My Last Memory at IFL in 2016 (VI)

21st June 2016

“If we hadn’t saved the two second, we would have lost this photograph.”, Henna Mao (21/06/16)

Today, as a E4.2 students, we took group photo with two lecturers: FE and AL. In the beginning of the first session, we have lost a chance to take photo with our lecturer AL.

However, after doing the evaluation form, I told my friend to inform the rest of the class to wait in order to take a group photo together. I decided to talk to lect. AL immediately. When I came back to the class, I saw lect. FE was talking with my classmates. Suddenly, one thing came into my mind, I talked to him and asked him to take photo for us. Some of my friends were amazed. How could I ask lect. to do me a favor? Honestly, I didn’t care much. To me, he was the right person to do. If he rejected, it might be me who needed to do that. Thank you Father for his loving kindness.

After that, my friends also wished to take photo with lect.
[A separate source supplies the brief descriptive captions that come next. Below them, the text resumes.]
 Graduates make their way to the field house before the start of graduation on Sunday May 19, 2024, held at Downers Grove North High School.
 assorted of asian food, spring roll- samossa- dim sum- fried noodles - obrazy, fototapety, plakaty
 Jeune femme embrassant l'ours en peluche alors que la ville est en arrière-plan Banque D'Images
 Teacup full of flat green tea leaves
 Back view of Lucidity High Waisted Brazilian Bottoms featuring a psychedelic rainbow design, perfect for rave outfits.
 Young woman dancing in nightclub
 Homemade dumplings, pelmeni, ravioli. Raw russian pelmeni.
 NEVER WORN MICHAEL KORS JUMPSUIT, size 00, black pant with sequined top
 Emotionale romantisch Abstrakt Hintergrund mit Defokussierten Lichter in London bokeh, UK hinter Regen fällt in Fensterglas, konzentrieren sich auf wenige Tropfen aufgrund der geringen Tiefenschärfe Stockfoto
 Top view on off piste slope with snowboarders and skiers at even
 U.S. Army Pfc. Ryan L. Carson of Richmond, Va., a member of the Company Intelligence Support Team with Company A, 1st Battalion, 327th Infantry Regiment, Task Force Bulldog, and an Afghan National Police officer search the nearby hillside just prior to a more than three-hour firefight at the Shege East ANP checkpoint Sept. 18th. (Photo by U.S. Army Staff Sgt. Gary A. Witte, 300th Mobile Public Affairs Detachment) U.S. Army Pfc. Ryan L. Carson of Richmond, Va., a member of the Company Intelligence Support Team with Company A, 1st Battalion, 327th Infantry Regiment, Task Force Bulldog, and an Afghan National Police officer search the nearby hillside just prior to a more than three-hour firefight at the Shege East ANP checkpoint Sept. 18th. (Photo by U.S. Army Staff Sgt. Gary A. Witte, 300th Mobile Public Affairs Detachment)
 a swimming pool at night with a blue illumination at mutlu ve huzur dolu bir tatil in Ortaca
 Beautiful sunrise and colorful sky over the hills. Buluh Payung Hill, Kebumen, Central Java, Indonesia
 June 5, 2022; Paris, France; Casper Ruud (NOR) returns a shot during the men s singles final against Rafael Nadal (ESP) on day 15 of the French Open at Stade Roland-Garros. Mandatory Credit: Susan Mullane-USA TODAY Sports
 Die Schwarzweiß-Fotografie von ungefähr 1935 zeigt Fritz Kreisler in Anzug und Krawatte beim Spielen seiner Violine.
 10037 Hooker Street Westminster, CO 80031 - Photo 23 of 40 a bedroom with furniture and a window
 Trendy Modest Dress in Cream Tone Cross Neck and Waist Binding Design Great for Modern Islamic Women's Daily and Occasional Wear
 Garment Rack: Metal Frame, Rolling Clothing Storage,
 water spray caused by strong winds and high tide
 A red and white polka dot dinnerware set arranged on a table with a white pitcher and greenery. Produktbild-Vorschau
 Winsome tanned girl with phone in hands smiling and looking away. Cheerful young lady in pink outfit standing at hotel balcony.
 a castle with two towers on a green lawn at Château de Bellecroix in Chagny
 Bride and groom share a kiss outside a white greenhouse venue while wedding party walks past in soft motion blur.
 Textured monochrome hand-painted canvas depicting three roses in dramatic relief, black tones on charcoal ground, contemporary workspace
FE. However, it seemed that he was shy, a little bit uncompromising, or angry with me. He arranged his stuff and still rejected to get into the loop. What should I do? You know. I shouted and asked my friends to remain silent and then asked them to move to the other side. I means to ask them to move to the teacher desk. That time, lect. FE had nothing to say. I didn’t know, to him, whether I was a little bit rude or not.

In fact, I really like saving my last memory with my surroundings. I should be happy, yesterday, today and tomorrow. I should not have stayed away from IC. I should have reconciled and talked to him today. I should have smiled and laughed at him. I didn’t. I chose to remain silent. Truly speaking, I was waiting for him to talk to me first. He didn’t say “Hello”. He remained silent too. Seemed like there was nothing happened.

When he found his exam paper, I had thought that he could have found mine and given to me. He didn’t. He passed it to other person without passing to me. I was a little bit upset. How could it be? Why did I feel so sad?

Maybe I think too much. I am nothing to him. With me or without me means nothing to him.

Most of the time, I always start first, even the simple word “Hello”.